Music Review: Gerald Collier — How Can There Be Another Day?

Usually, when I'm writing a review, I'm excited at the prospect of helping a band reach even that one additional listener that might otherwise have never heard of them. Perhaps then I can be a small part of whatever career they are able to build for themselves fromtheir talents and musical aspirations.

This time, with How Can There Be Another Day?, the band in question, Collier's backing band during his time spent as an a Warner Bros. artist, have long-since been dropped by their original label, and had subsequently disbanded. Of course, that would have been the end of that, were it not for the fact Collier has remained active in the pursuit of his own artistic endeavors. Nonetheless, he returned to lovingly gather up and release the remaining moments of his work with this wonderful band through his new record label, In Music We Trust.

Such a release could go either way, really. There is always that fleeting chance that the jumbled bits of talent and musicianship that were left on the cutting board, were there for a reason. Not everything that has the moniker of "unreleased," you see, is accidentally given it. Thankfully, the opposite is also true. There are rare moments of wonder when you look over something that got left behind, and discover that it wasn't fool's gold after all, but the real thing.

And it is in the latter category that the twelve songs that make up How Can There Be Another Day? Belong. No fool's gold are these sonic nuggets, in any light.

From the weathered voice and staggered acoustic guitar riff that opens the album, on "One Clear Shot," it was as if someone had taken a pail of the freshest water and thrown it on my back; it just sent shivers down my spine, really. Thankfully, it wasn't just a one-time sensation. Every song on this album is a startling testament to the whimsical nature of the music industry.

Maybe if the raucous melody of "Jigsaw Puzzle" had ever received airplay, or the plaintive vocals on "Sorrow" had ever happened upon the ears of just the right disk-jockey, the story might have been different. Hell, if just the right number of people had heard the Collier and the band's superb cover of Elton John's "Rocket Man," these guys would be arm in arm with fame and fortune.

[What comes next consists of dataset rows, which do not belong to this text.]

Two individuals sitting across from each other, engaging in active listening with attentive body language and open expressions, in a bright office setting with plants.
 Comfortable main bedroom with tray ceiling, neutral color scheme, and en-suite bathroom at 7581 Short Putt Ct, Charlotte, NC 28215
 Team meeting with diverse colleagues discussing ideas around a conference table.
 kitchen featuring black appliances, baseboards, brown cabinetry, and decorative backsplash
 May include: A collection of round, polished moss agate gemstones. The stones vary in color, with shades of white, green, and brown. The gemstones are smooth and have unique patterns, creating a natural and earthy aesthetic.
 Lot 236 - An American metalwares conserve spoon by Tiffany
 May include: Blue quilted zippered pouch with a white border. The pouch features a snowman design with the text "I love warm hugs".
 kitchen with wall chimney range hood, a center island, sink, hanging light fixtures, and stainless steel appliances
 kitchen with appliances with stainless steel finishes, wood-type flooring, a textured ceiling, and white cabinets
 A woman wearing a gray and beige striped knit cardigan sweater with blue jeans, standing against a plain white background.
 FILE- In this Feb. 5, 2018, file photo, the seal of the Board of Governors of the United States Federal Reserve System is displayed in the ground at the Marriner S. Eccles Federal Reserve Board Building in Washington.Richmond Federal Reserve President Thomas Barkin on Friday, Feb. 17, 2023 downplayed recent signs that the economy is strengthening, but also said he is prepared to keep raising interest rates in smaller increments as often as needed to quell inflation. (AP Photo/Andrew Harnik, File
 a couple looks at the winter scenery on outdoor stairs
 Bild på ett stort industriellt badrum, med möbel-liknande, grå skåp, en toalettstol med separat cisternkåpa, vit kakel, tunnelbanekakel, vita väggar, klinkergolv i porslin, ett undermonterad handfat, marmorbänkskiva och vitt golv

Here was this great band, with these wonderful songs, and it simply wasn't their time.

Hopefully, it was all meant to happen the way it did, though. Hopefully, these songs were simply biding their time until the planets aligned in just the right way, and the decision of Collier to open the studio's window and allow them to finally take flight, will finally allow people — people like me, who might otherwise have never heard of Collier, his band, or any of the wonderful music they created together — to do just that. To hear what we otherwise might have forever missed out on.

So, thank you Gerald, and thank you to the superb musicians that worked on this material. Thank you for allowing this music to see the light of day again, for recording it in the first place, and for allowing me the opportunity to review it.